= Off West End =

Theatres in London, England

Off West End refers to theatres in London which are not included as West End theatres. The term emerged relatively recently, having been coined after the similar American term "off-Broadway" (though without the same strict definition). The term is usually used synonymously with the more widespread term fringe (or, specifically, the London Fringe), but sometimes is also used to refer to more mainstream or commercial theatre which is located within London but outside the centre, or to especially small and non-commercial theatres located within the centre. According to London Theatre, "Smaller theatres, including many pub theatres, are called fringe, although some of these small theatres are also called off West End, particularly those located in the West End of London, where most of the big commercial theatres are. These small theatres can vary in size, with seating capacities of around 40 to 400."

While West End Theatres must register with the Society of London Theatre, SOLT membership for the off West End is optional and is not widespread.
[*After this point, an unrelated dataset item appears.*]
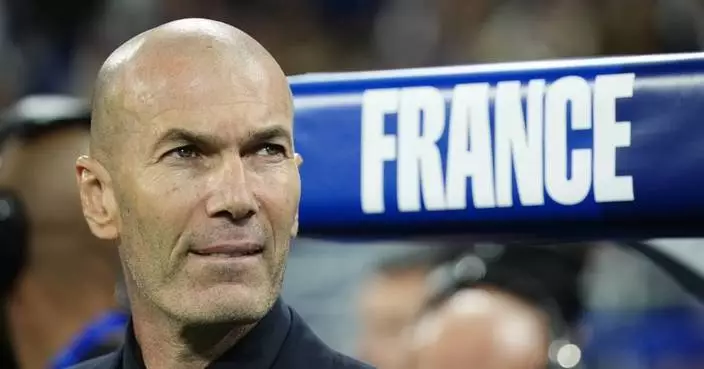 Fans show their appreciation for France coach Zidane as he takes charge of his first home game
The industry organisations for off West End and fringe venues are OffWestEnd, the London Theatre Consortium (larger venues), and the Society of Independent Theatres (smaller venues).

== Venues ==

- Almeida Theatre
- Arcola Theatre
- Arts Depot
- Battersea Arts Centre
- Bloomsbury Theatre
- Bridewell Theatre
- Brixton House
- Bush Theatre
- Charing Cross Theatre
- Courtyard Theatre, London
- Drayton Arms Theatre
- Donmar Warehouse
- Finborough Theatre
- Greenwich Theatre
- Hampstead Theatre
- Hoxton Hall
- Jacksons Lane
- Jermyn Street Theatre
- Kiln Theatre
- King's Head Theatre
- Leicester Square Theatre
- Stockwell Playhouse
- Lyric Hammersmith
- Menier Chocolate Factory
- Millfield Arts Centre
- Orange Tree Theatre
- Pleasance Theatre
- The Other Palace
- The Park Theatre
- The Print Room
- Rich Mix Cultural Foundation
- Riverside Studios
- Rose Theatre
- Royal Court
- Rudolf Steiner Theatre
- Shaw Theatre
- Soho Theatre
- Southwark Playhouse
- The Albany
- The Cockpit
- The Yard
- The Pen Theatre
- Theatre Royal Stratford East
- Toynbee Studios
- Turbine Theatre
- Union Theatre
- Upstairs at the Gatehouse
- Waterloo East Theatre
- The White Bear
- Young Vic

== The Offies ==
The Off West End Theatre Awards, known colloquially as the Offies, have been awarded to Off-West End theatre productions since 2011.